Pechino - Un chilo di divismo e un quintale di vanità ti possono affondare, soprattutto se sei in una piscina. Anche se sei Federica Pellegrini. Cioè la ragazza dei tacchi a spillo e la recordman del mondo. Ma se ti scrolli la vanità e lasci da parte il divismo per qualche ora, può capitare che Federica Pellegrini torni a filare e si ritrovi ancora senza medaglie, ma con due record del mondo nella borsetta. Federica tigre di carta e tigre feroce. Pellegrini due facce, due razze. Ieri l’abbiamo scoperta così. La razza della campionessa e la faccia della diva che si è aggrappata a tutto pur di non fare un mea culpa.

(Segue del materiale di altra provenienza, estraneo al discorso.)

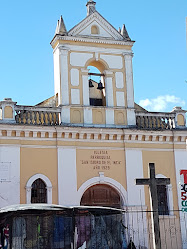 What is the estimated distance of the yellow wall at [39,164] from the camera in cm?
2125

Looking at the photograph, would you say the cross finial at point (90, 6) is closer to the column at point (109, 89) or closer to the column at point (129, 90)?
the column at point (129, 90)

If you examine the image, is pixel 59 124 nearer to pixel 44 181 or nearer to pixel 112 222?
pixel 44 181

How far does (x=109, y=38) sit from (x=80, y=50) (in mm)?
1593

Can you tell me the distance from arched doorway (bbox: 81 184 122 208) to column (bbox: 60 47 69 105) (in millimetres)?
4137

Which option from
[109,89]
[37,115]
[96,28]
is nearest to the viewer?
[37,115]

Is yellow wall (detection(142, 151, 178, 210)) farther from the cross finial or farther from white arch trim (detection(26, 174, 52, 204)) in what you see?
the cross finial

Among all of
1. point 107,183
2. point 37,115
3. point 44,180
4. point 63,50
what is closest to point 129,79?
point 63,50

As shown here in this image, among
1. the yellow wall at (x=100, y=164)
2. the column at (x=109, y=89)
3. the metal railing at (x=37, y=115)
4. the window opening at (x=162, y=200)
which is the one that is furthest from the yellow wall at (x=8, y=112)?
the window opening at (x=162, y=200)

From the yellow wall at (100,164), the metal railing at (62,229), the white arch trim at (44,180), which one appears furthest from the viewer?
the yellow wall at (100,164)

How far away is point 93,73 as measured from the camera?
943 inches

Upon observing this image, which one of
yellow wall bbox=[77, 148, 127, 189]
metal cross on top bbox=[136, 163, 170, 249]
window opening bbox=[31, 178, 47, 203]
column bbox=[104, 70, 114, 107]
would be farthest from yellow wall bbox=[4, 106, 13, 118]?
metal cross on top bbox=[136, 163, 170, 249]

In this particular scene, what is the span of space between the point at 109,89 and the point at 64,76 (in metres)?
2.26

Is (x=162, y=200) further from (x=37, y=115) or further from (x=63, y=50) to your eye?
(x=63, y=50)

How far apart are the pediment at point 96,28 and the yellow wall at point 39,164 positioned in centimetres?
601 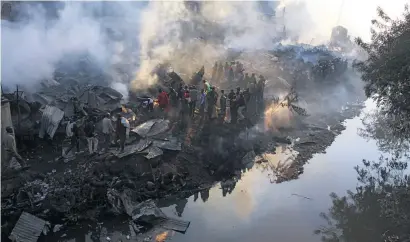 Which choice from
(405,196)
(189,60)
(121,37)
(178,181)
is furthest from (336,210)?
(121,37)

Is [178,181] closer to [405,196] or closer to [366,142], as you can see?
[405,196]

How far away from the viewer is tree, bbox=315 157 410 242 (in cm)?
869

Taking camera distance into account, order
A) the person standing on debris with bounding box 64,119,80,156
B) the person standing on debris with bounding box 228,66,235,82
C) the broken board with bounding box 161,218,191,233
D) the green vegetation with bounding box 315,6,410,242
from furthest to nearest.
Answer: the person standing on debris with bounding box 228,66,235,82 < the person standing on debris with bounding box 64,119,80,156 < the green vegetation with bounding box 315,6,410,242 < the broken board with bounding box 161,218,191,233

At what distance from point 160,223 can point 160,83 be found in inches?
344

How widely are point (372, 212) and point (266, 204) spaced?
102 inches

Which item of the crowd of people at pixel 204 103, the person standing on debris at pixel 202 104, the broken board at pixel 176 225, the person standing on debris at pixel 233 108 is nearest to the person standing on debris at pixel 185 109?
the crowd of people at pixel 204 103

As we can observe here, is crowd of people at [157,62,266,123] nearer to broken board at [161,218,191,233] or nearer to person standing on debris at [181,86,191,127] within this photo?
person standing on debris at [181,86,191,127]

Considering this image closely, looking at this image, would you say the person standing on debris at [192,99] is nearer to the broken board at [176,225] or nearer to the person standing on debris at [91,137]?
the person standing on debris at [91,137]

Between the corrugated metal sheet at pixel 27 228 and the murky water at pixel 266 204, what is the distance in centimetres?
98

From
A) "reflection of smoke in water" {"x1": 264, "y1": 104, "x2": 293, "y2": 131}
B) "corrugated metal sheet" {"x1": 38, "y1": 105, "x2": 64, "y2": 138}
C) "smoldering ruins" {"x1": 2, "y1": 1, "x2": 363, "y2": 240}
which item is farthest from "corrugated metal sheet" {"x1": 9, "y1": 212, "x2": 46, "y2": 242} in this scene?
"reflection of smoke in water" {"x1": 264, "y1": 104, "x2": 293, "y2": 131}

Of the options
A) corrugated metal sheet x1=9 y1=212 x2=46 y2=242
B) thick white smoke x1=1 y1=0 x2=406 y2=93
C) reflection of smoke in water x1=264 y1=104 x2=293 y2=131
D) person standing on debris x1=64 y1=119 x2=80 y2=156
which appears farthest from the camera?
reflection of smoke in water x1=264 y1=104 x2=293 y2=131

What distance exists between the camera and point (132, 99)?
578 inches

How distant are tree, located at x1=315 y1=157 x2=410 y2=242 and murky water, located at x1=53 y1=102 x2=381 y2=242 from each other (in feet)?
1.00

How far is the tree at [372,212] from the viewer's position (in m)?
8.69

Alla mattina ha perso la medaglia dei 400 stile libero, affondando come una qualunque, quinta in logorante affanno nelle ultime due vasche, gettando la gara che si meritava avendone anche il record del mondo.
Nel pomeriggio ringhiosa e determinata nei 200 stile libero. Basta leggere per capire: quarta ai 50 metri, prima dai 100 in poi ma sempre otto decimi sotto il record che, poi, è schizzato via nel pazzesco finale. Record (1’55”45) di 7 centesimi sotto il precedente che apparteneva alla cara antipatica, che per lei risponde al cognome Manaudou. Ormai la francese vedrà Federica come la strega cattiva: le ha tolto entrambi i record suoi (200 e 400 stile libero), ieri è affondata più della nostra diva nei 400: ultima, staccatissima e distrutta. Le tigri che si dovevano sbranare sono diventate di carta, lasciando via libera a due inglesi (Adlington, prima, e Jackson, terza) e all’americana Hoff (seconda).

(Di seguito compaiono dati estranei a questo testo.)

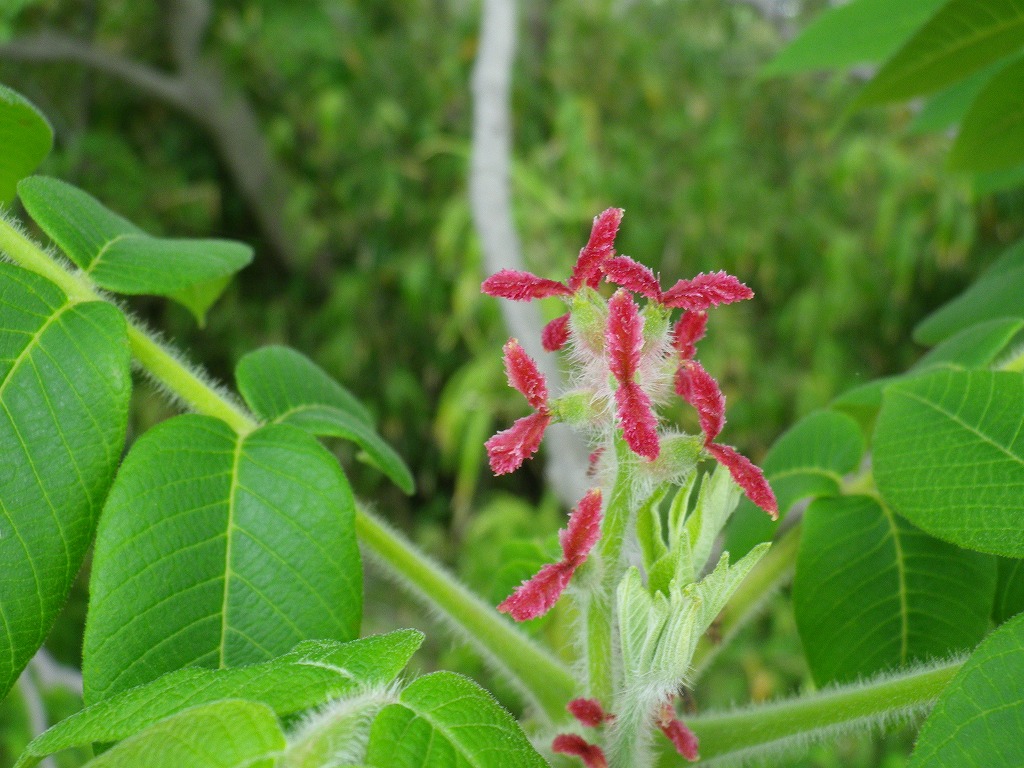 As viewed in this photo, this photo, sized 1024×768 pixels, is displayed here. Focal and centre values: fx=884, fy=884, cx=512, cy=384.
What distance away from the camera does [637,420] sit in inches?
18.0

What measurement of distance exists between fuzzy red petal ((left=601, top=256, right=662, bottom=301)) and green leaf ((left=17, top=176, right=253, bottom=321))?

Ma nel camaleontismo della Pellegrini, la Manaudou c’entra poco. C’entra, invece, il dietro le quinte, fatto di entourage che pensano troppo a tutto quanto non è nuoto. Castagnetti, il ct che ieri si è ritrovato commosso e in lacrime dopo il record dei 200, alcuni mesi fa se n’era lamentato: non gli piacevano smorfie e amoreggiamenti pubblici fra Federica e il fidanzato, non gli piacevano i troppi fotografi intorno alla piscina, non gli piaceva la diva che si porta dietro il codazzo dei fedelissimi o si lascia blandire e distrarre. Non gli piaceva la ragazza che cercava di cogliere l’attimo che fugge, ma soprattutto nello star system. Preferiva solo l’atleta. Ieri Filippo Magnini parlando in generale, ma non troppo, ha lanciato una frase nel vuoto ad uso e consumo di chi voglia capire: «Nel nuoto le gare si vincono con la testa, deve funzionare sempre».

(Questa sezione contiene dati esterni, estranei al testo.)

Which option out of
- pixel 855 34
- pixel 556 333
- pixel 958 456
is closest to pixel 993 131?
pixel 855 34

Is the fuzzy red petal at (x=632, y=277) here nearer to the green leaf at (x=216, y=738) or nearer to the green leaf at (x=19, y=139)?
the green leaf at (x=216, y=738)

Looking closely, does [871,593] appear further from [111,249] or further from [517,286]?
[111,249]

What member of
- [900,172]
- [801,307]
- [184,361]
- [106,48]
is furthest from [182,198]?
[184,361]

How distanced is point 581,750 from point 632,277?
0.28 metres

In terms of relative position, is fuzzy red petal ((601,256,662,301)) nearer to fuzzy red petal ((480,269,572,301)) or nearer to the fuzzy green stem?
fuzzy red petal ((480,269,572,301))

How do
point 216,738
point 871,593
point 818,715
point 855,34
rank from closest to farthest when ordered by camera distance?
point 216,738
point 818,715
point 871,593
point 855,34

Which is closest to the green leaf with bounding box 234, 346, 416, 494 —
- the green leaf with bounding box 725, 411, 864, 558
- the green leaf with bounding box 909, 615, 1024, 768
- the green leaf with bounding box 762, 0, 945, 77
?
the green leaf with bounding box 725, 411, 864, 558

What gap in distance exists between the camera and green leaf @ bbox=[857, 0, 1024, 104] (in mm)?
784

E la testa di Federica chissà dov’era ieri mattina mentre annaspava nell’acqua. Ed anche dopo. La ragazzina isterica di qualche anno fa avrebbe pianto e scalciato contro il mondo, per quella medaglia inabissata. Lei, invece, era tranquilla, troppo tranquilla. E sicura. «Ho buttato una medaglia, ma non solo per colpa mia. Non siamo abituati a gareggiare di mattina, questo è il problema. E nessuno ci ha messo nelle condizioni di farlo. Qualcosa avrò sbagliato anch’io: forse la tattica. Ma le gambe ci sono: si è visto ieri». Riferimento alla gara del giorno prima nella quale, fino ai 200 metri, era passata sotto il record del modo, salvo frenare. Ecco, la testa di Federica ha ricominciato a funzionare forse da quel momento. Da quell’autocritica che continuava a scontrarsi con quel che le diceva la diva: ma che pensi?
Servivano meno scuse e più realtà. Probabilmente aveva sbagliato di tutto un po’. Castagnetti ha bocciato la tattica dei 400 e rispedito al mittente le critiche sulle gare mattutine. «Mattina o sera non contano per i risultati. Contano solo le prestazioni in acqua. Lei ha sbagliato strategia, deve andare sempre in progressione e non l’ha fatto». Commenti detti in faccia. Per risvegliare la campionessa e addormentare la diva. Ed infatti la tigre di carta ha tirato l’unghiata. Questo record ne fa una delle campionesse italiane più decorate dai tempi, non altrettanto dalle medaglie.
Ad Atene buttò via un oro, ma recuperò un argento. Qui, sotto il record, ancora niente. Ma la buona novella e una replica. «Sono in forma e lo ero anche nei 400. Resto dell’idea che dobbiamo imparare a gareggiare di mattina. E non è una scusa. Ho realizzato un bel primato e non perché l’ho tolto alla Manaudou. Ma perché è bello. Ho un grande pregio: dopo una batosta riesco a risollevarmi e l’ho dimostrato».